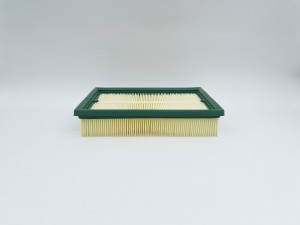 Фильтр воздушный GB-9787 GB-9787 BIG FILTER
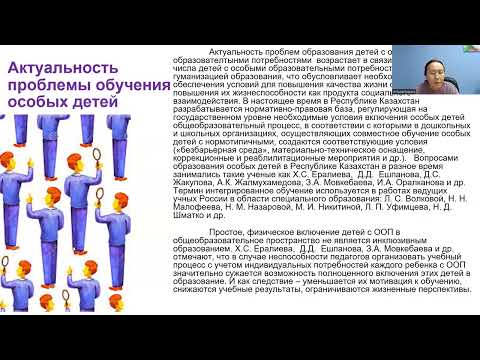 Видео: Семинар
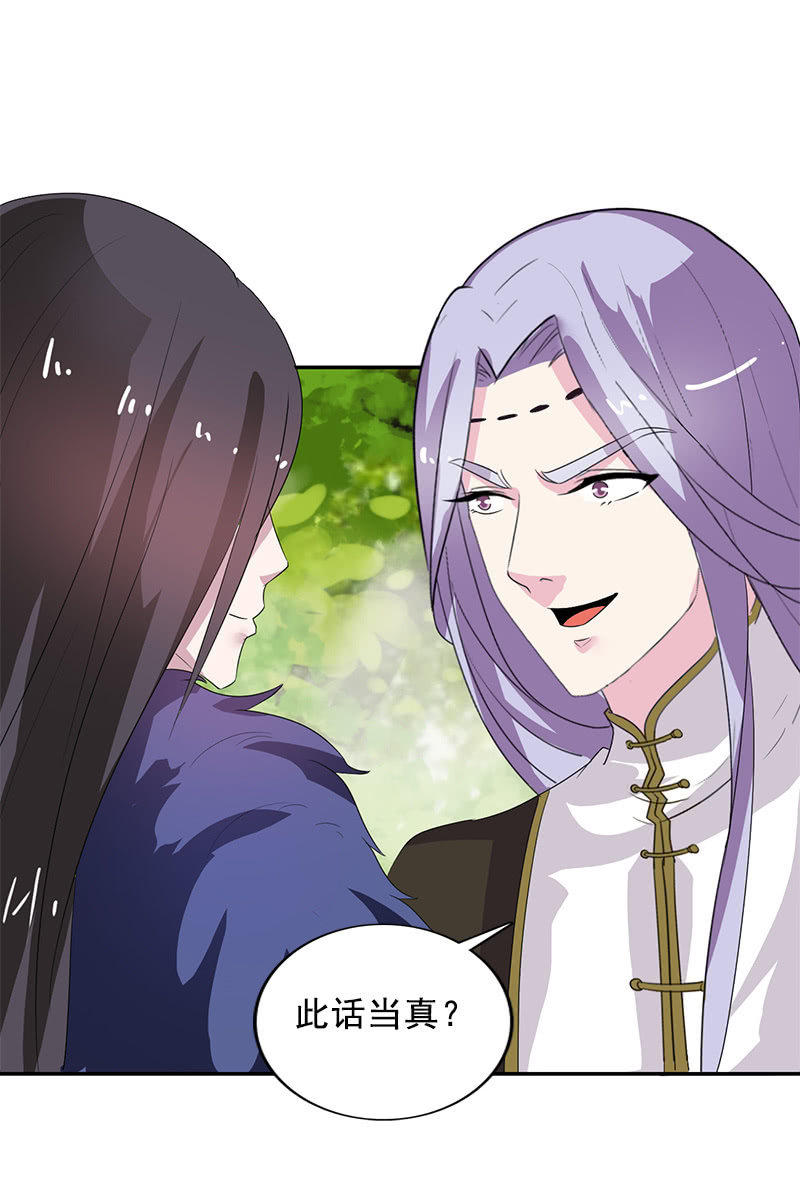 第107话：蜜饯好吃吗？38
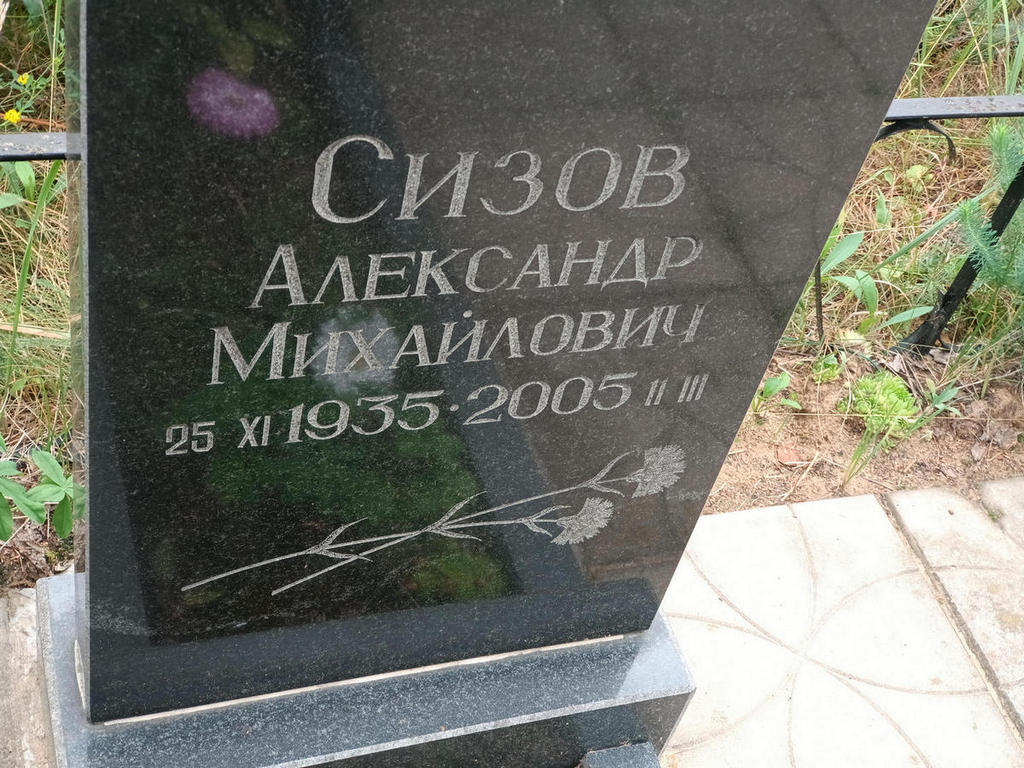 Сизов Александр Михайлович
_ _ _ _ _
• _Task statement_
Restate the listing above word for word. Leave the images out.

• _Exercise result_
 Фильтр воздушный GB-9787 GB-9787 BIG FILTER
 Видео: Семинар
 第107话：蜜饯好吃吗？38
 Сизов Александр Михайлович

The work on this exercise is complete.